What needs to be done ::
Nothing but the lines from the one containing "Okay, there we" to the final line of the entries should appear, copied exactly and without pictures.

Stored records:
____

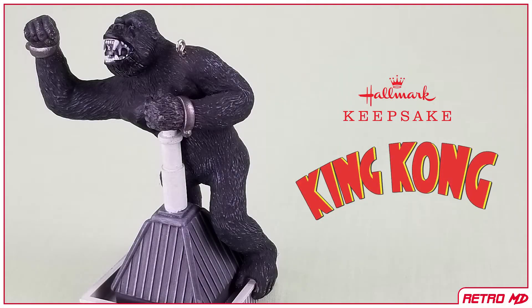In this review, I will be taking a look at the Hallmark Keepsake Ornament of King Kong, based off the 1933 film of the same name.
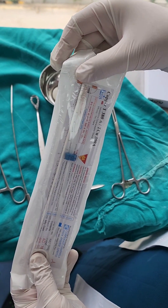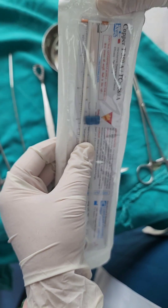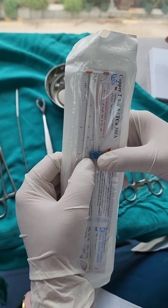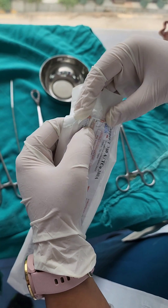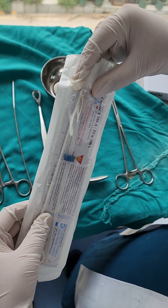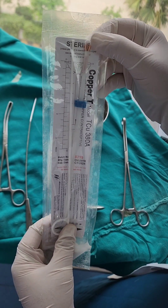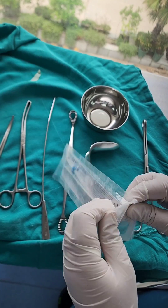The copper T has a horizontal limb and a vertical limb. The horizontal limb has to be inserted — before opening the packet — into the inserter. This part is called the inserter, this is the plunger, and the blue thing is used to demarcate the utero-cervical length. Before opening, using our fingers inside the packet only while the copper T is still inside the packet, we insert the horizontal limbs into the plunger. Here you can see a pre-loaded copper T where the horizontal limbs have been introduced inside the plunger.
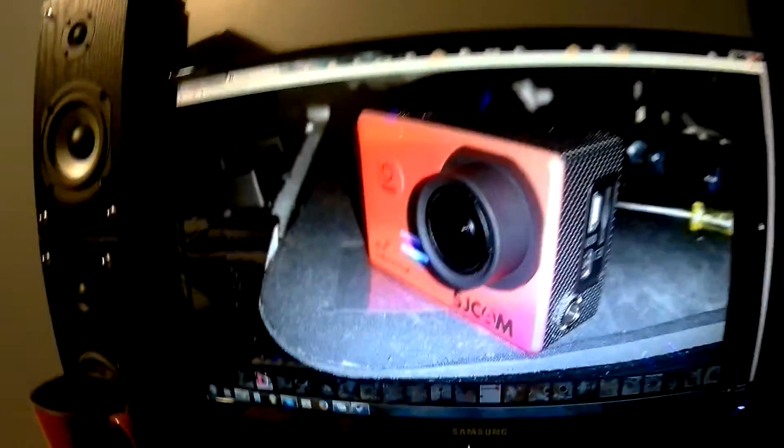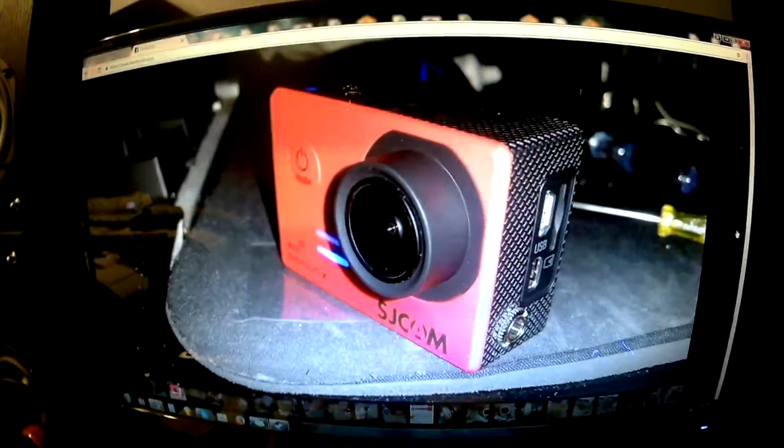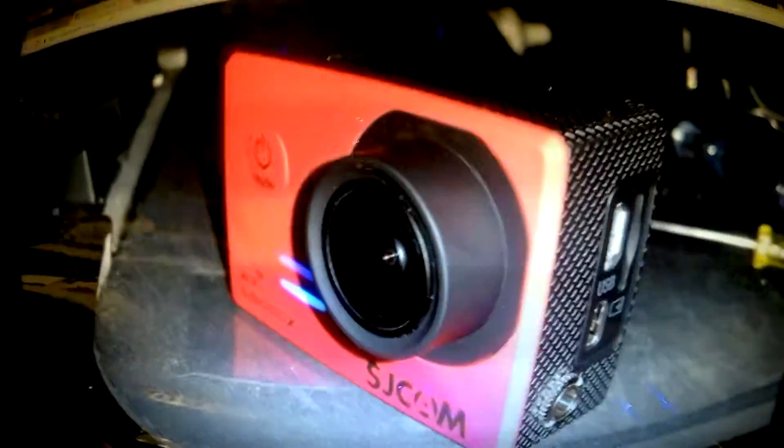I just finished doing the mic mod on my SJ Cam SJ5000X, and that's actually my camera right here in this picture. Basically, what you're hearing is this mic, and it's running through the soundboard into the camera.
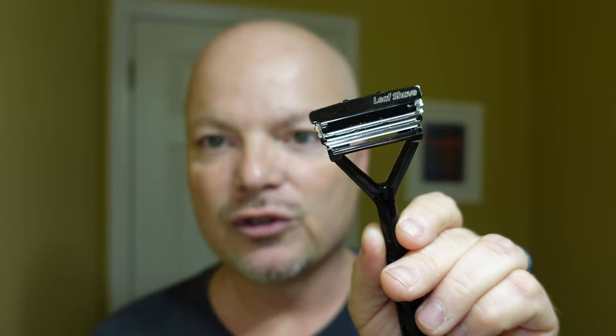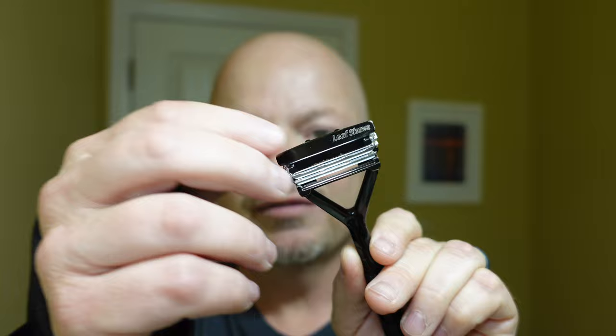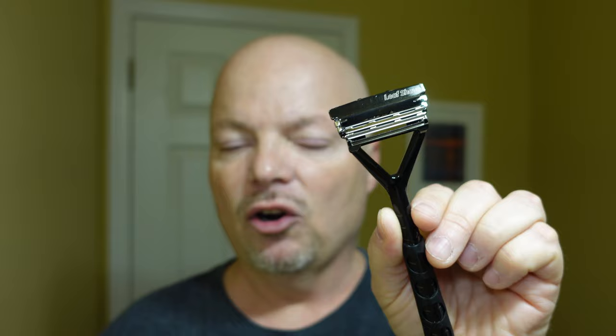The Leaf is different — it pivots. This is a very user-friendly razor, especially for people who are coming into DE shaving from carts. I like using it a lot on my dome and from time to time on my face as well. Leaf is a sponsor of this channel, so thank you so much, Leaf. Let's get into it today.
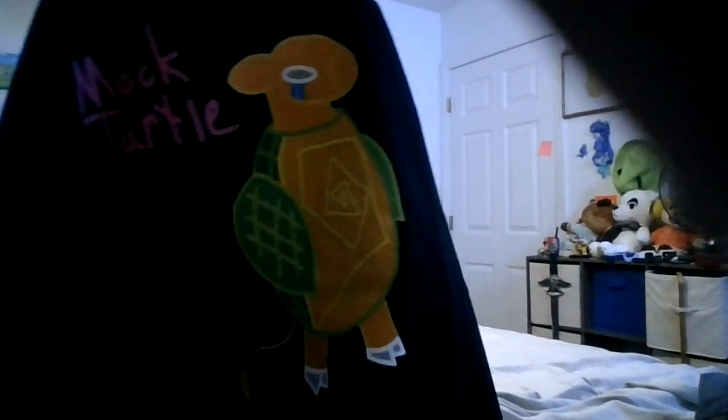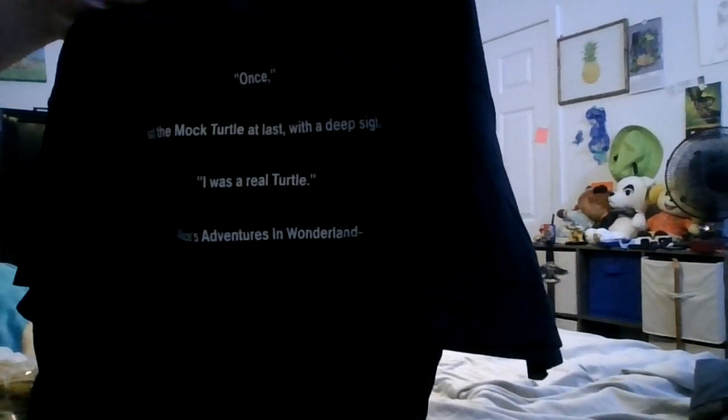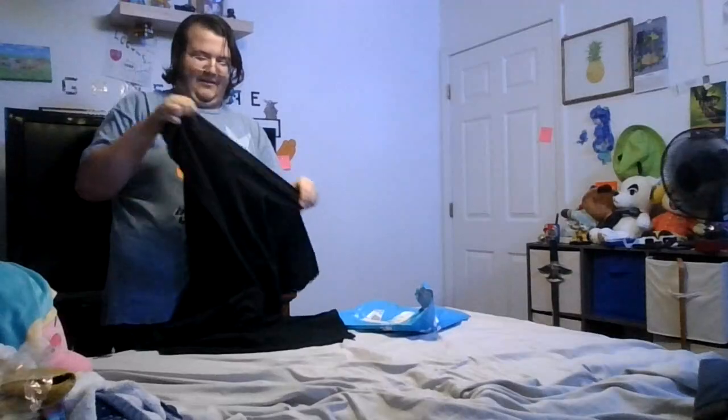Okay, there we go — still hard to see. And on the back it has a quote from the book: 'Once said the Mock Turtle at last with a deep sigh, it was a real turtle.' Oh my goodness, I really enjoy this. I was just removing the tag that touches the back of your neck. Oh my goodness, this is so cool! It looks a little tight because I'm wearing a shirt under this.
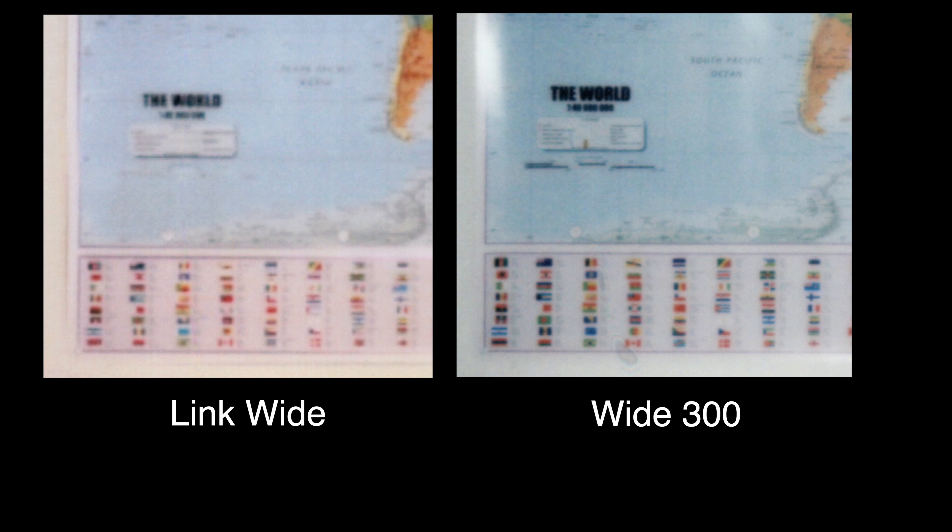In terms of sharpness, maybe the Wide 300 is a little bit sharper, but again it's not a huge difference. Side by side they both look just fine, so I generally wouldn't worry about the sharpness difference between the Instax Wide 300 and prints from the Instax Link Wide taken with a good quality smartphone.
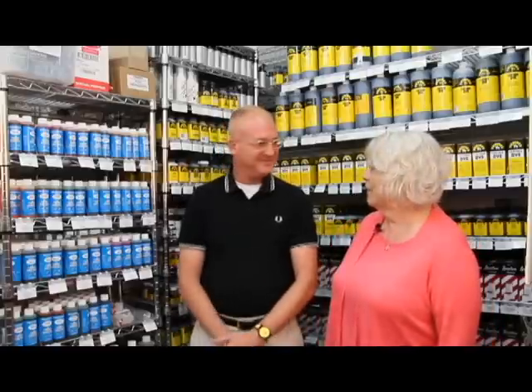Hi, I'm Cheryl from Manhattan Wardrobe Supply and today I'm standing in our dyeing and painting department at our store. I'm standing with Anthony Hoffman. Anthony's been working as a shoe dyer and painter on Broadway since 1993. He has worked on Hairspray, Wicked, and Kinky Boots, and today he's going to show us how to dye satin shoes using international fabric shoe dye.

____

Solution to this task ::
Okay, there we go — still hard to see. And on the back it has a quote from the book: 'Once said the Mock Turtle at last with a deep sigh, it was a real turtle.' Oh my goodness, I really enjoy this. I was just removing the tag that touches the back of your neck. Oh my goodness, this is so cool! It looks a little tight because I'm wearing a shirt under this.
In terms of sharpness, maybe the Wide 300 is a little bit sharper, but again it's not a huge difference. Side by side they both look just fine, so I generally wouldn't worry about the sharpness difference between the Instax Wide 300 and prints from the Instax Link Wide taken with a good quality smartphone.
Hi, I'm Cheryl from Manhattan Wardrobe Supply and today I'm standing in our dyeing and painting department at our store. I'm standing with Anthony Hoffman. Anthony's been working as a shoe dyer and painter on Broadway since 1993. He has worked on Hairspray, Wicked, and Kinky Boots, and today he's going to show us how to dye satin shoes using international fabric shoe dye.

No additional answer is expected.